SciML for Structures: Predicting Bridge Behavior
07-30, 13:10–13:20 (UTC), Green

We study the utility of a scientific machine learning (SciML) model for predicting structural responses such as bridge deflections and stresses. The SciML model is compared with a data-driven neural network model for a synthetic and a real world case.In both cases, we rely on the Julia algorithmic differentiation ecosystem to efficiently fit the models. Our preliminary results indicate the superiority of the SciML mode over the data-driven one in interpolation and extrapolation as well.


Structures in civil engineering are traditionally modelled using the finite element (FE) method. Although it is an extremely successful method, it has some shortcomings: (i) it can require substantial human effort to build complex models; and (ii) it can be difficult to combine with measurement data in order to increase model prediction accuracy. A way to overcome these shortcomings is to use data-driven machine learning approaches, however these may require a prohibitive amount of measurement data and still perform poorly in extrapolation. Combining the machine learning model with scientific knowledge, i.e. scientific machine learning (SciML), may offer a practically tenable solution to the above challenges.

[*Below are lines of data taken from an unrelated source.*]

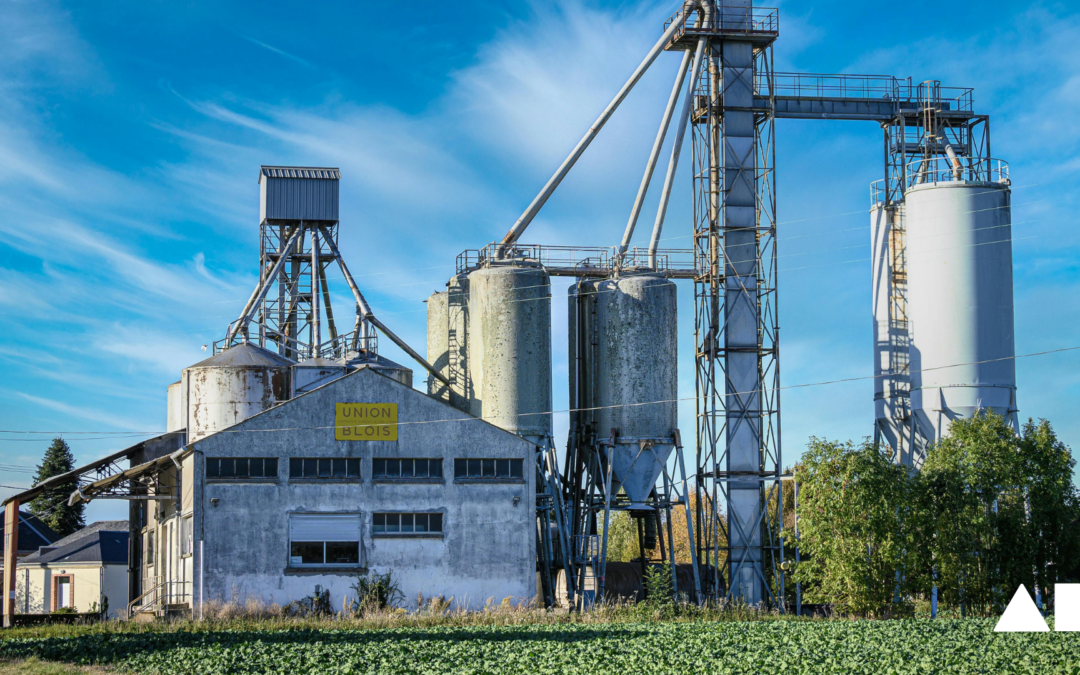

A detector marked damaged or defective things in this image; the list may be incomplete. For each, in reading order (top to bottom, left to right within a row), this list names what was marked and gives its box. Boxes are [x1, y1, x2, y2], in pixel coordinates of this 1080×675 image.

broken window [204, 460, 278, 480]
broken window [286, 460, 362, 480]
broken window [370, 460, 440, 480]
broken window [454, 460, 524, 480]
broken window [372, 516, 438, 536]
broken window [286, 516, 362, 568]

This talk aims to explore to what extent a scientific machine learning model can predict the structural response of a twin girder bridge in comparison with a data-driven machine learning model. The two approaches are compared with regards to prediction accuracy as well as the amount of data needed to achieve a particular accuracy. The comparison is made by using a synthetic case and a real-world case with field measurements.

The scientific machine learning model requires a formulation of the physics, which can be done in different manners. In engineering practice the structural behavior of bridges is typically described/predicted by FE models. For the SciML physics formulation we selected a simplified 2D beam model made up of 4-degrees-of-freedom linear elastic beam elements. This simple 2D-model is chosen in order to explore a very fast modelling workflow, potentially expandable to a digital tool for quick structural assessment. The 2D model is combined with a neural network in order to approximate the 3D bridge behavior. The neural network achieves this by representing a transverse load distribution function that describes what percentage of a concentrated load at a certain location is carried by the modelled 2D girder. As the bridge is composed of two identical girders, the rest of the load is assumed to be carried by the second girder. We do not take shear lag effects into account in our physics formulation.

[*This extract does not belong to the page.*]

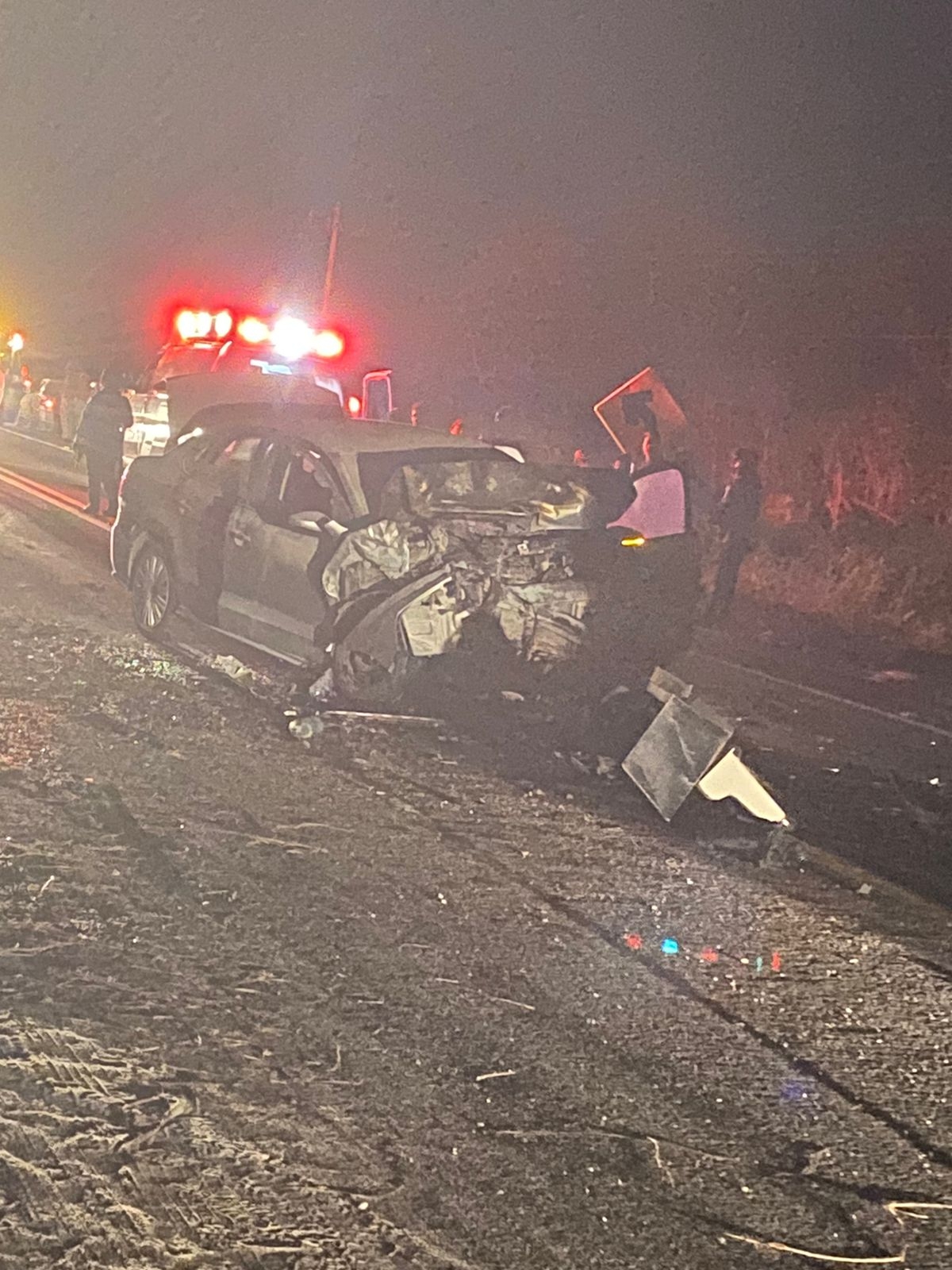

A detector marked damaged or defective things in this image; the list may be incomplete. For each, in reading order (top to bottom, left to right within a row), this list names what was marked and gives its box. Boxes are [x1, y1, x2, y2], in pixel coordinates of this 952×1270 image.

detached car door on ground [219, 437, 347, 660]
wrecked suv [113, 403, 701, 706]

The loss for the SciML model was calculated in three steps: first, the load on the 2D beam was determined by the neural network, second, the structural system is solved for this predicted load and sensor position, finally the loss is calculated using the difference of the predicted structural responses and the measured ones.

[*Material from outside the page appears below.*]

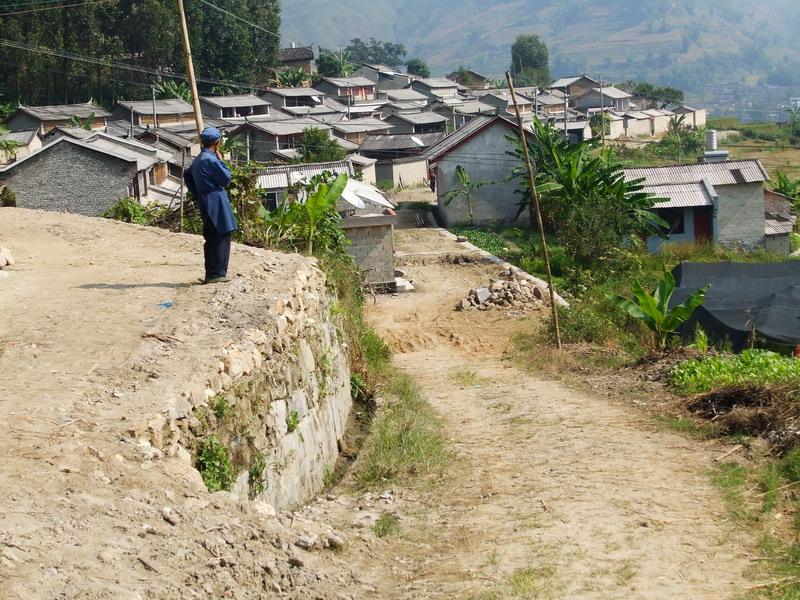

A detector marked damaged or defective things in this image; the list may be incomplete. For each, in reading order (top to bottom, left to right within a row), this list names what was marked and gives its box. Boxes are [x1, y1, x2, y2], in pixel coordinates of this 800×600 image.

rusty metal roof [620, 159, 764, 185]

For the data-driven model, a feedforward neural network tries to directly predict the structural response of the 2D girder for a certain sensor and load location. The difference between this prediction and the measured data is used to calculate the loss for the training of the neural network.

We chose to make the implementation of the SciML model in Julia because of its many attractive features, such as multiple dispatch and packages for automatic differentiation (e.g. Zygote.jl) and machine learning (e.g. Flux.jl). For the FE package, we wanted a lightweight, hackable package that would be easy to get started with, in order to provide a fast workflow. It was also desirable to have a 100% Julia written FE package, in order to fully utilize Zygote for backpropagating the FE solutions. We chose CALFEM.jl, a Julia port of the CALFEM package, originally developed in the late 1970s at Lund University in Sweden and subsequently improved over the decades, today typically used for teaching simple FE programming. CALFEM.jl lacks support for automatic differentiation, but because of the many favorable features of Julia, it was a quite simple task to implement AD support for the components that we needed. The source code of the analysis will be made open to the public.

The results show that a SciML approach can accurately predict structural behavior of the bridge using far less data points than a purely data driven approach. Moreover, the SciML approach is much better in extrapolation than the purely data-driven one. Our results show that at the moment purely data-driven approaches are impractical to predict structural responses and SciML seems to be a very promising addition to the toolbox of structural modelling approaches.

Hi there! My name is Axel and I'm an intern at TNO, the Netherlands Organisation for Applied Scientific Research, working with Scientific Machine Learning for predicting structural responses. The internship is a part of my master thesis at University College London.

My fields of interest are computational structural engineering and computational design. Over the years, I've become more interested in more computing related topics like HPC, parallell processing and machine learning. This fall, I will move to the U.S. to start my PhD in Civil Engineering at Princeton University. I'm very interested in Julia for my future research and seeking collaborators in the Julia community.